My mum and step-dad are divorcing at 60. They've been married for 23 years and had their ups and downs due to my step-dads drinking which has got progressively worse over the years (reason for my mum filing for divorce). Both were previously divorced and my mum had a house on her name before she got married to which my step-dad moved into (he had nothing other than £5,000 in cash). She remortgaged her house to buy our new family home. Any money that came from her house was put into the new home, my mum paid for all home renovations/ expenses/bills and shopping minus the mortgage. When she sold her home she put that money into the family home, our education, our weddings and holidays.

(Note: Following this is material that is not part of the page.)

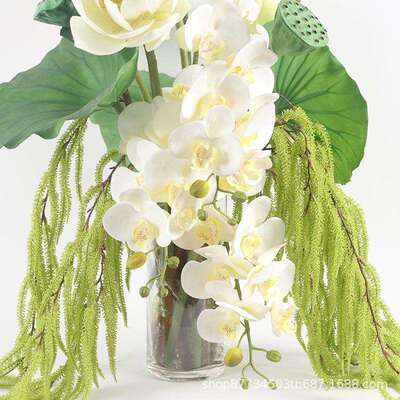 现代轻奢蝴兰厅餐桌花意客摆件酒店样蝶板房装XZM饰品玻璃花创器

My mum wants nothing from my step-dad other than a 60/40 split after they sell the house to which my dad isn't agreeing. My mum thinks she deserves more out of the house as she put money from her home into their joint home, other than mortgage and a few holidays he has contributed nothing over the last 23 years - they both have worked all their lives. He has a really good pension pot, land and a few properties in his native country, his mum has just passed away too and we know she is leaving him an inheritance all of which my mum has not benefited from. My mum has an ok pension, some savings and some gold.
My dad is now refusing to sign the divorce papers unless my mum signs papers stating she is happy with a 55/45 split (in her favour) but also confirming she wont take him to court or fight for anything else. My mum doesn't want to go to court at all but she does feel like she is being used and hard done by and the change in my dads behaviour (panic but with a little arrogance) is making her question everything. I am biased because she's my mum but she is a moral person, in her first divorce with 2 kids, she paid my paternal dad out, fought for full custody and refused child support. She doesn't want anything of his other than her share of the house.
She's considering financial mediation upon the suggestion from her solicitor (to which we think he won't go a long with) but we're not sure what to do. He is convinced that if she takes him to court its 50/50. Anyone else been through a similar experience? What are the chances of this going in her favour? Is she going to fight a losing battle?